▶ **Aim of the task**:
Once the line containing "Lorelai Luoma flies" is found in the records below, return it and each following line exactly, up to and including the line containing "Extremely dark background", and nothing else.

▶ **Records from a dataset**:
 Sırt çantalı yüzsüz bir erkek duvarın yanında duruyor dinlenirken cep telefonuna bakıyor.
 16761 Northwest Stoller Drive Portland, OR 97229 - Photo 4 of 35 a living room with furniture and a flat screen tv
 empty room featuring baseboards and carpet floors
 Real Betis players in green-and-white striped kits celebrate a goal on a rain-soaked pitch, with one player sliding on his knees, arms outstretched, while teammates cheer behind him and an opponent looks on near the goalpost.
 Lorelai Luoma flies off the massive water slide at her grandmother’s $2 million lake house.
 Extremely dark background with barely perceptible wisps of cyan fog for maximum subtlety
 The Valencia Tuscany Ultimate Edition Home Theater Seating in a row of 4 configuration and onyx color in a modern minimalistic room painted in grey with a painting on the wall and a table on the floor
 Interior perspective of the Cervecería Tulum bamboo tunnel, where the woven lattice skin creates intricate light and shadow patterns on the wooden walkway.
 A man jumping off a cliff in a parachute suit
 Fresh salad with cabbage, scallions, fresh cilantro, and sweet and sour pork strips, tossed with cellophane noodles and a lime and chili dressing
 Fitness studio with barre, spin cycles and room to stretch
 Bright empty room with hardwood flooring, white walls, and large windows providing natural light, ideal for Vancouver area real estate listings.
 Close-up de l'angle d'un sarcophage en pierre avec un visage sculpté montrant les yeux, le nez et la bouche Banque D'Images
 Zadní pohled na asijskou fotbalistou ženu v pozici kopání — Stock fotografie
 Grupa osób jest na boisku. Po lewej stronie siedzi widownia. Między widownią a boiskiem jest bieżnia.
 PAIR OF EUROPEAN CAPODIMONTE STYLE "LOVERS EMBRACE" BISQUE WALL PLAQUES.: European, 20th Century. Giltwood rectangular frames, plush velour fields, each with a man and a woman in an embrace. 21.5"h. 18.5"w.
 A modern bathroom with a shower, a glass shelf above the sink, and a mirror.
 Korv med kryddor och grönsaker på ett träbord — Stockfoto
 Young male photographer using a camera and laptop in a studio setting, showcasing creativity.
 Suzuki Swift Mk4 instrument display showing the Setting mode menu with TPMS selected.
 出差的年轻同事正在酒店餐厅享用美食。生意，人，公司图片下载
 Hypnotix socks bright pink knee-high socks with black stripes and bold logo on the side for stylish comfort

▶ **Answer box**:
 Lorelai Luoma flies off the massive water slide at her grandmother’s $2 million lake house.
 Extremely dark background with barely perceptible wisps of cyan fog for maximum subtlety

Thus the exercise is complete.